8.  Speech to someone in the background:

    If the speaker talks to someone in the background, put the speech between
    double slash marks.

    Examples:

        A: Just a minute.  // Mary, please bring me a pencil. //

        A: Sm //una llamada de// ?quieres hablar un poquito con tu papa?

9.  When a word or phrase is not clear, type double parentheses ((  ))
    around what you think you hear.  If there is no way to tell what the
    speaker said, leave one blank space between the double parentheses,
    indicating speech has been left out because it was unintelligible.

    Examples:

        A:  So when I finally did ((take up)) the violin, I
        progressed pretty quickly in the beginning.

        B:  Of course, that was in college which was a long time
        ago, so (( )) I remember.

10.  Comments

    To put a comment in the transcription, use double square brackets:
    [[comment]]

    Comments should be used very sparingly - only when there is no other
    way to indicate some unusual event.  Notations describing noises should
    use single brackets, not double brackets (see #7).

    Examples of comments:

    [[speaker is singing]]
    [[speaker imitates a little child]]
    [[previous word is exceptionally prolonged]]

    Comments may be used to indicate the reason for unintelligible speech.
    Example:

        (( )) [[distortion]]

    However, use such comments sparingly.  If there is consistent distortion,
    note it on the conversation summary sheet and do NOT put it in the
    transcription every time.  The same is true for mumbling, rapid speech,
    etc.  In other words, use comments only for unusual cases.

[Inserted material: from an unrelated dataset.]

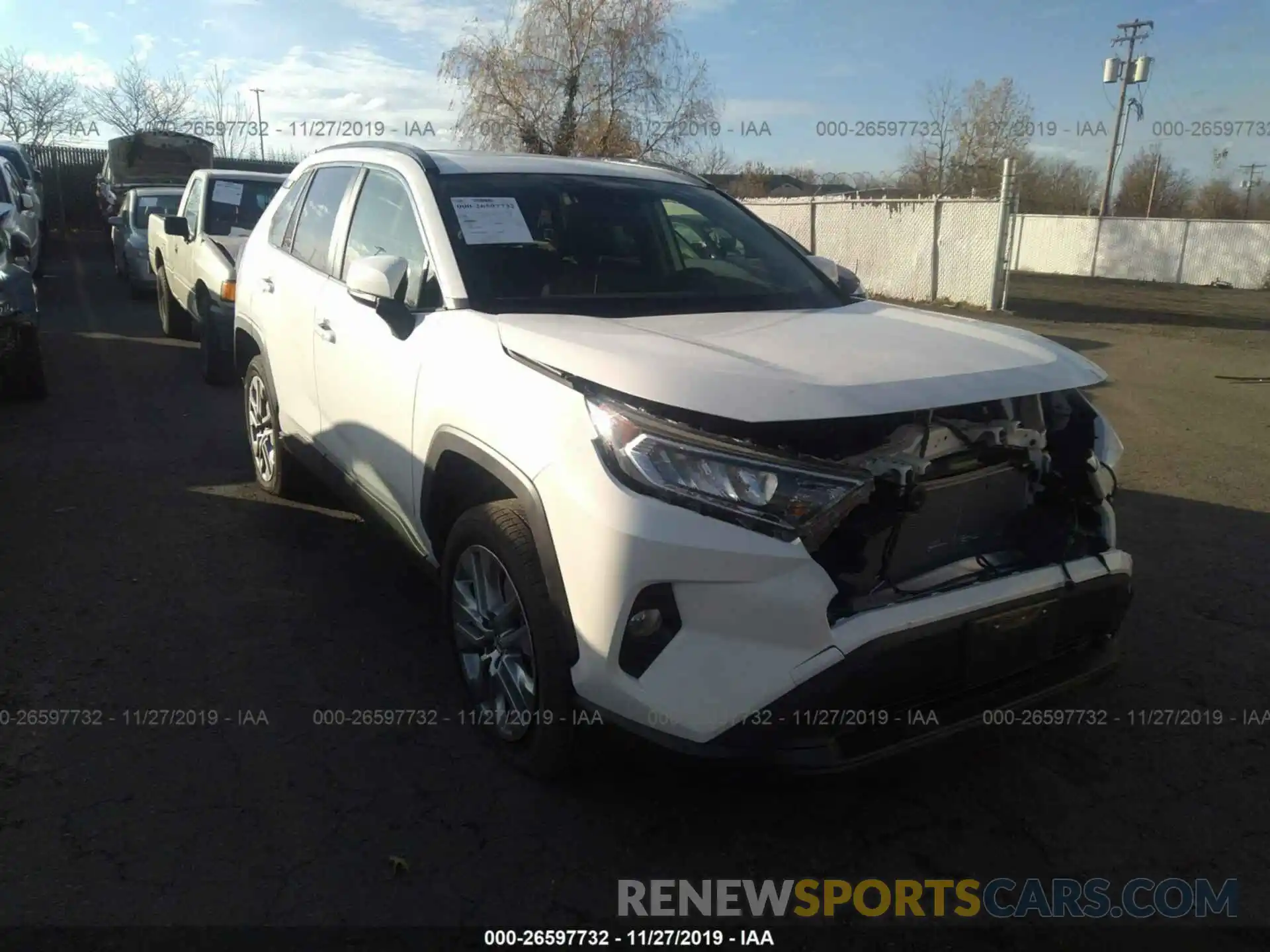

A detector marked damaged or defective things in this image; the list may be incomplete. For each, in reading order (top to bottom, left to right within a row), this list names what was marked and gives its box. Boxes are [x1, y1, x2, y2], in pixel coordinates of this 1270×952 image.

-----------------------------------------------------------------------

6.  Data transcription - Mandarin-specific

1.  Punctuation:

    Use the ASCII (English) punctuation marks rather than Mandarin (to
    save input time).

    Try to use normal Mandarin punctuation, as far as possible, particularly
    period, comma, and question mark.  Because conversational speech does
    not exactly fit punctuation conventions, it may often be difficult to
    decide on the correct punctuation.  In such cases, simply use whatever
    seems reasonable and go on -- do not spend a lot of time analyzing
    it and trying to find the correct way (there may not be one!).

    When the end of a turn is incomplete, leave it unmarked.  That is,
    do not put a period at the end if the utterance stopped without
    completing the clause.

2.  Different languages and/or dialects:

    When talkers use words in a different language or Chinese dialect, or
    when they change languages for a short time, the speech that is
    not Mandarin needs to be marked and the language labeled, if possible.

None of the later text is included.